- TRY IT
Please output exactly the lines that run from the line with "5x7 Area Rug" through the final line of the data, inclusive, and nothing more.

[Items listed in a dataset]

==================================================

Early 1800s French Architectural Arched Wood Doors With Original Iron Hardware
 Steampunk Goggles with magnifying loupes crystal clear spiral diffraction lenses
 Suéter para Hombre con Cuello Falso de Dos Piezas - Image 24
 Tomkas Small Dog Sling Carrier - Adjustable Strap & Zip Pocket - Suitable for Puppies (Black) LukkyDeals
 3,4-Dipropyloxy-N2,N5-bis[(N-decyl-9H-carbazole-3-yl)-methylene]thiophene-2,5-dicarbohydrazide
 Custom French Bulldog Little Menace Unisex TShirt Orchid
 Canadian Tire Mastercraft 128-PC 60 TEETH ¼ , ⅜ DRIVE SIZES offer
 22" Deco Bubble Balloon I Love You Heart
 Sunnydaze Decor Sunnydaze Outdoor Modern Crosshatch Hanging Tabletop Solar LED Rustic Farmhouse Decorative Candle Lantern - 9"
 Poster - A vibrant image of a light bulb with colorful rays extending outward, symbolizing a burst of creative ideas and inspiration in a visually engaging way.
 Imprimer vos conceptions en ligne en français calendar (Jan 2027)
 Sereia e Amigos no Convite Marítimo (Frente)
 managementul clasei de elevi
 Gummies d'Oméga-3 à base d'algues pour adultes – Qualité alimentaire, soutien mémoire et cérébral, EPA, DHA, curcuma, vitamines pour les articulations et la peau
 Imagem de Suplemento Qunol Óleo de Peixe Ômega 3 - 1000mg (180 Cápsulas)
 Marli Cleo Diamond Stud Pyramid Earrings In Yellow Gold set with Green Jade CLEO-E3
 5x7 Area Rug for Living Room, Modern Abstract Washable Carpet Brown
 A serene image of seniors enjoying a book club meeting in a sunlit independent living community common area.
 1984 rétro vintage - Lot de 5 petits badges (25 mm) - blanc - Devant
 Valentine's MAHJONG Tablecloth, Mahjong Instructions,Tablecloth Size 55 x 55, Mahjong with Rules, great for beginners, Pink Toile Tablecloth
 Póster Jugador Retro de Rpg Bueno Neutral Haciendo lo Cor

==================================================

- RESPONSE TO THE EXERCISE
 5x7 Area Rug for Living Room, Modern Abstract Washable Carpet Brown
 A serene image of seniors enjoying a book club meeting in a sunlit independent living community common area.
 1984 rétro vintage - Lot de 5 petits badges (25 mm) - blanc - Devant
 Valentine's MAHJONG Tablecloth, Mahjong Instructions,Tablecloth Size 55 x 55, Mahjong with Rules, great for beginners, Pink Toile Tablecloth
 Póster Jugador Retro de Rpg Bueno Neutral Haciendo lo Cor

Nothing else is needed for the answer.